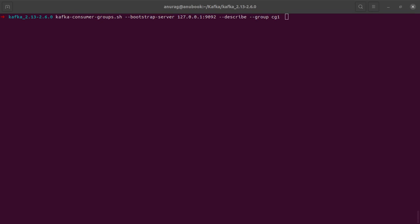Hello and welcome back to the channel. Till now we have seen the working of Kafka console producers, Kafka console consumers, as well as Kafka group consumers.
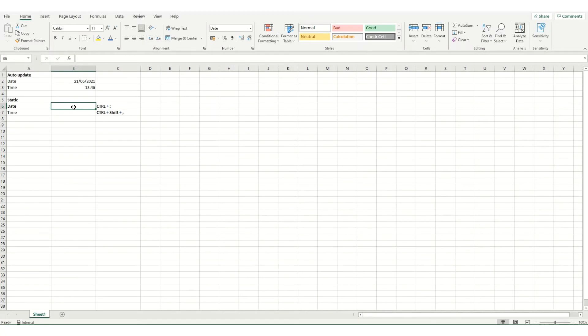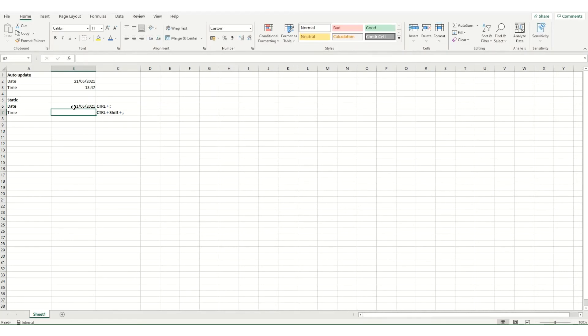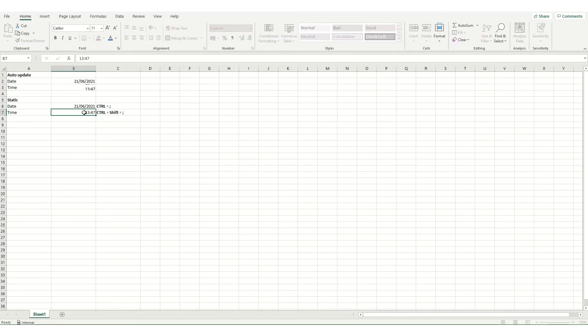You can also insert a static date by holding down Control and then semicolon and that will give you today's date. As you'll see as soon as I hit enter the time updated. If I hold down Control Shift and semicolon you get the current time in.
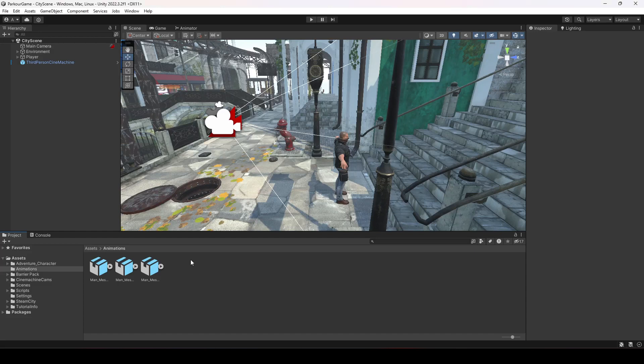Hello guys and welcome back. In the previous video we downloaded three animations: the idle, walk, and run. In this video we will be adding these animations to our player, so whenever the player walks or runs we will play these animations accordingly.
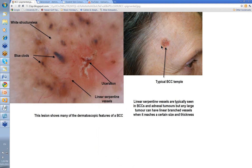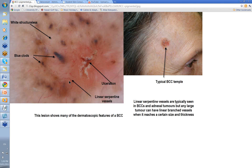Here's a clinical lesion with pink areas and bluey-black areas. When you look at it with the dermatoscope, these are your blue clods — there are several others scattered through this. This is a white structureless area that's part of that pearly background colour you see in BCCs. These are linear serpentine vessels — there are some branched bits here. And this is a little area of ulceration, corresponding to this area on the lesion.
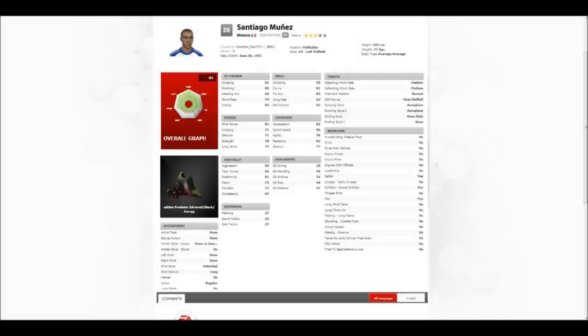One of my subscribers asked me to do this, and it was actually a really great idea. I put Santiago Munez up on Creation Center.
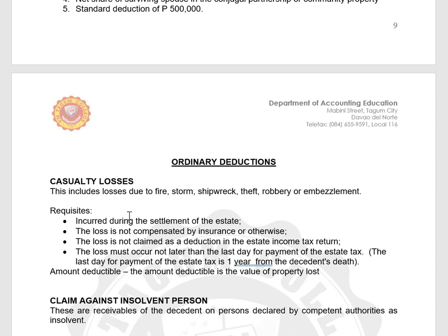What are the requisites for casualty losses to be deducted from the gross estate? First, the loss must be incurred during the settlement of the estate — that is, it must occur before the deadline for filing the estate tax return, which is one year from the decedent's death. Before the TRAIN Law, it was six months; after the TRAIN Law revision, it became one year. Also, the loss should not be compensated by insurance, or the loss is not claimed as a deduction in the estate income tax return.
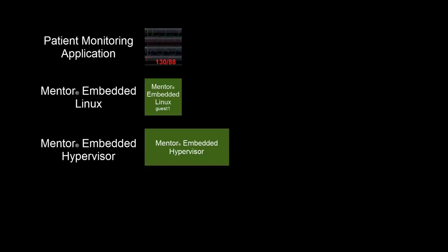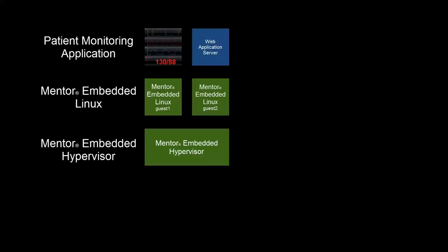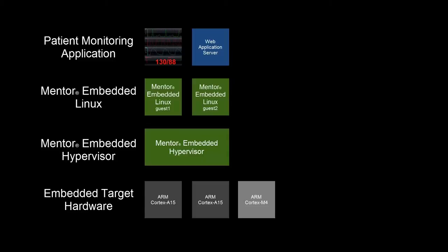This Linux instance runs as Guest 1 in a two-guest supervised environment provided by our Mentor Embedded Hypervisor. Hypervisor Guest 1 runs the patient monitoring application stack. Hypervisor Guest 2 runs a completely separate Mentor Embedded Linux instance and a web application server.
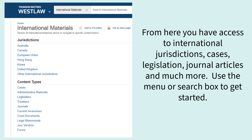From here you have access to international jurisdictions, cases, legislation, journal articles and much more. Use the menu or search box to get started.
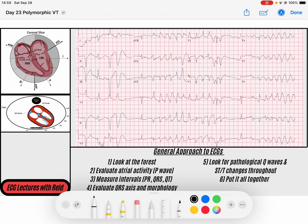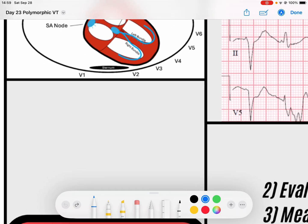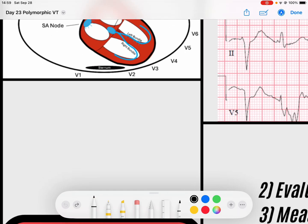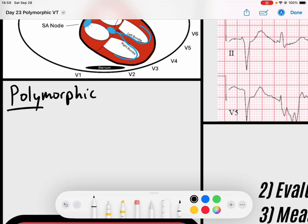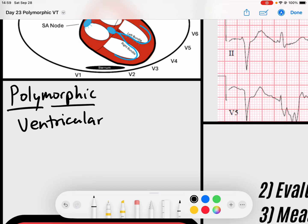So the first thing I want to do is just break down the word itself — polymorphic ventricular tachycardia. Polymorphic stands for 'poly,' which is multiple, and 'morphic,' which is morphology or shape. So multiple shapes. This is a ventricular tachycardia — a tachycardia of ventricular origin — that has multiple shapes, meaning that every single QRS complex is different.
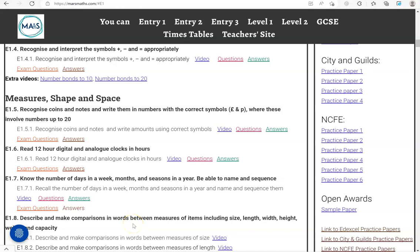In this video, we'll go through exam questions that cover the criteria: know the number of days in a week, months, and seasons in a year, and be able to name and sequence them.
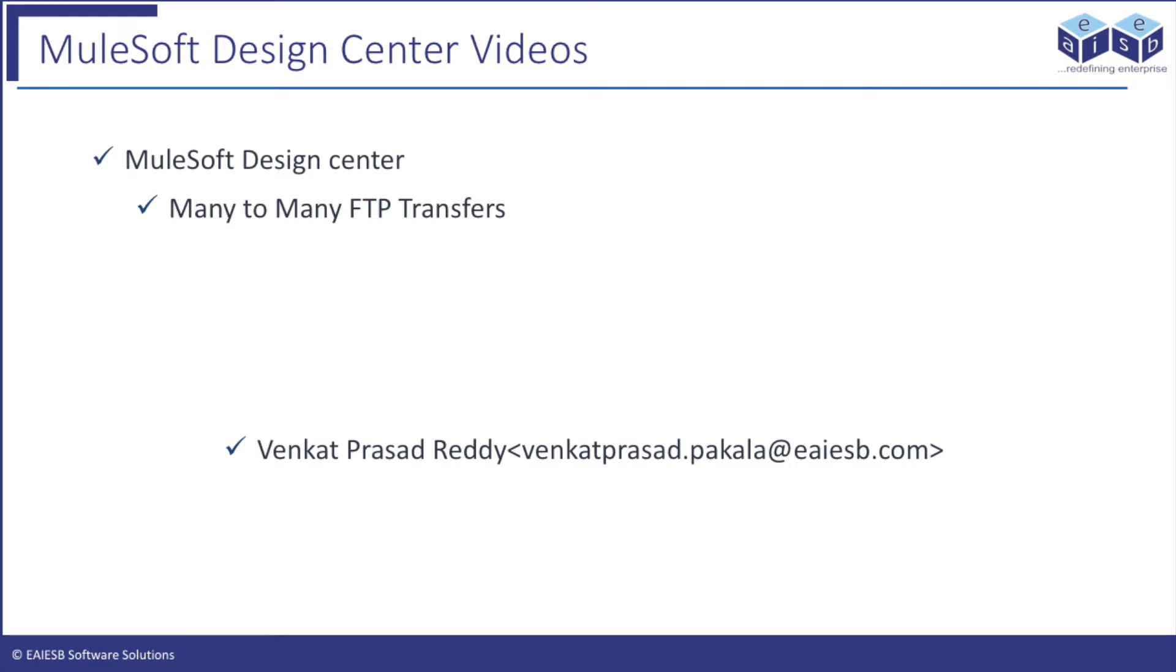Hi all. Welcome to EAI ESP Mule 4, 4-minute videos. In this series we will demonstrate how to use Design Center in building Mule application flows.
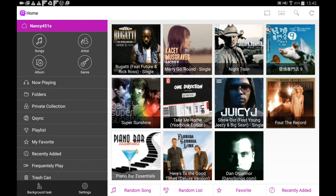After logging in, you will see a Spotlight page where KubeMusic will randomly recommend music for you. There are four other methods for you to quickly play music, such as Random Song, Random List, Favorite, and Recently Added.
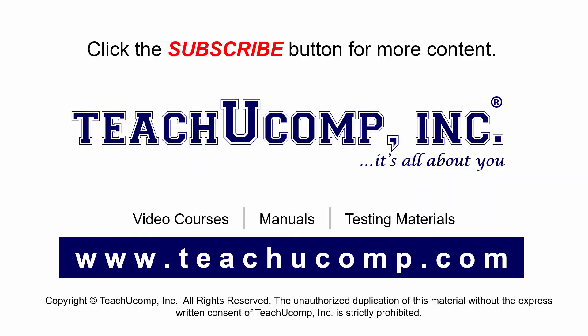Remember to click the subscribe button to see more of our videos. Get ad-free courses at teachucomp.com.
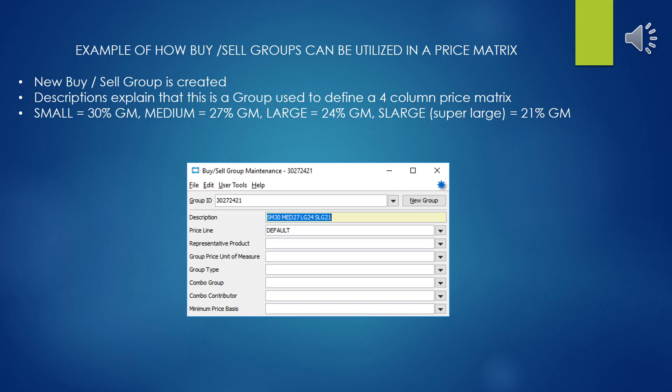Here's an example buy-sell group. The group ID on the surface looks completely illiterate — 30, 27, 24, 21 — that could mean anything. The description breaks out what the group ID means. For each one of the pricing columns in the pricing matrix, we've decided the percentage markup for each price class, and that's what it all breaks out to.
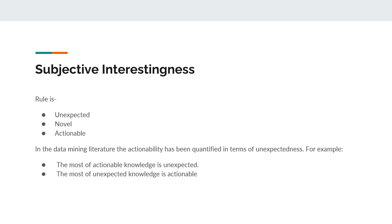In the data mining literature, the actionability has been quantified in terms of unexpectedness. For example, the most actionable knowledge is unexpected and the most unexpected knowledge is actionable.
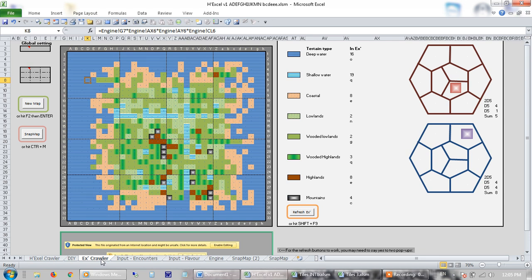Hiya, it's GoblinSenchman here. So today I'm going to do a quick demo of a new version of this hex crawler I made in Excel.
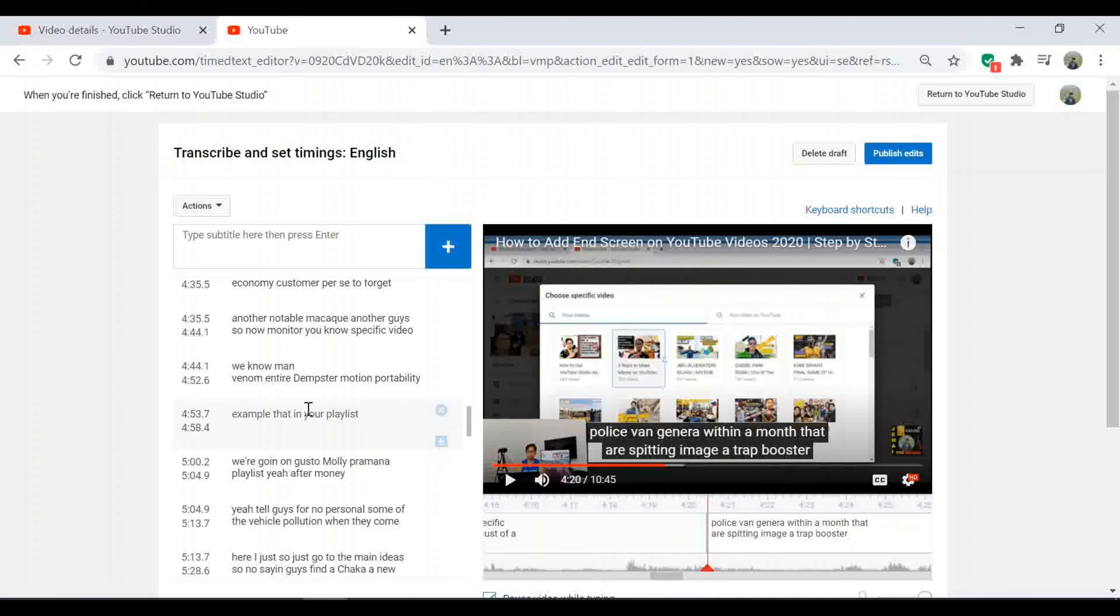Once you've done editing your subtitles or closed captions, then click publish to make it available to your video.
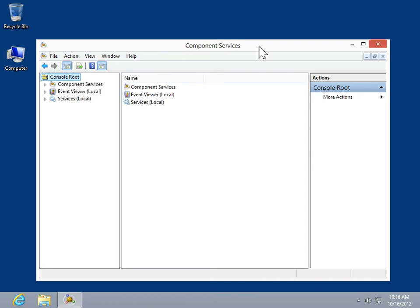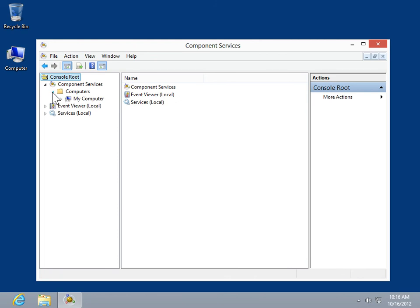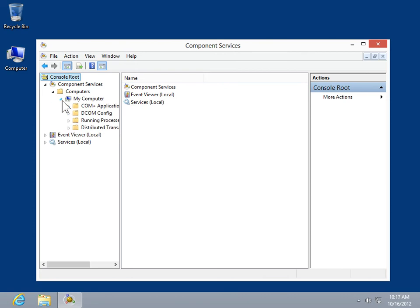Install COM Plus Application Proxies. In the console tree, expand Component Services. Expand Computers. Expand the computer folder for which to install the application. Right-click COM Plus Applications.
################
→ Exercise requirements: Write out again every line above exactly as given; the pictures do not belong in the copy.

→ Output of the exercise:
Hello and welcome back to the channel. Till now we have seen the working of Kafka console producers, Kafka console consumers, as well as Kafka group consumers.
You can also insert a static date by holding down Control and then semicolon and that will give you today's date. As you'll see as soon as I hit enter the time updated. If I hold down Control Shift and semicolon you get the current time in.
Hello guys and welcome back. In the previous video we downloaded three animations: the idle, walk, and run. In this video we will be adding these animations to our player, so whenever the player walks or runs we will play these animations accordingly.
Here's a clinical lesion with pink areas and bluey-black areas. When you look at it with the dermatoscope, these are your blue clods — there are several others scattered through this. This is a white structureless area that's part of that pearly background colour you see in BCCs. These are linear serpentine vessels — there are some branched bits here. And this is a little area of ulceration, corresponding to this area on the lesion.
One of my subscribers asked me to do this, and it was actually a really great idea. I put Santiago Munez up on Creation Center.
What are the requisites for casualty losses to be deducted from the gross estate? First, the loss must be incurred during the settlement of the estate — that is, it must occur before the deadline for filing the estate tax return, which is one year from the decedent's death. Before the TRAIN Law, it was six months; after the TRAIN Law revision, it became one year. Also, the loss should not be compensated by insurance, or the loss is not claimed as a deduction in the estate income tax return.
This Linux instance runs as Guest 1 in a two-guest supervised environment provided by our Mentor Embedded Hypervisor. Hypervisor Guest 1 runs the patient monitoring application stack. Hypervisor Guest 2 runs a completely separate Mentor Embedded Linux instance and a web application server.
From here you have access to international jurisdictions, cases, legislation, journal articles and much more. Use the menu or search box to get started.
So the first thing I want to do is just break down the word itself — polymorphic ventricular tachycardia. Polymorphic stands for 'poly,' which is multiple, and 'morphic,' which is morphology or shape. So multiple shapes. This is a ventricular tachycardia — a tachycardia of ventricular origin — that has multiple shapes, meaning that every single QRS complex is different.
In this video, we'll go through exam questions that cover the criteria: know the number of days in a week, months, and seasons in a year, and be able to name and sequence them.
Hi all. Welcome to EAI ESP Mule 4, 4-minute videos. In this series we will demonstrate how to use Design Center in building Mule application flows.
After logging in, you will see a Spotlight page where KubeMusic will randomly recommend music for you. There are four other methods for you to quickly play music, such as Random Song, Random List, Favorite, and Recently Added.
Remember to click the subscribe button to see more of our videos. Get ad-free courses at teachucomp.com.
Here's an example buy-sell group. The group ID on the surface looks completely illiterate — 30, 27, 24, 21 — that could mean anything. The description breaks out what the group ID means. For each one of the pricing columns in the pricing matrix, we've decided the percentage markup for each price class, and that's what it all breaks out to.
In the data mining literature, the actionability has been quantified in terms of unexpectedness. For example, the most actionable knowledge is unexpected and the most unexpected knowledge is actionable.
Hiya, it's GoblinSenchman here. So today I'm going to do a quick demo of a new version of this hex crawler I made in Excel.
Once you've done editing your subtitles or closed captions, then click publish to make it available to your video.
Install COM Plus Application Proxies. In the console tree, expand Component Services. Expand Computers. Expand the computer folder for which to install the application. Right-click COM Plus Applications.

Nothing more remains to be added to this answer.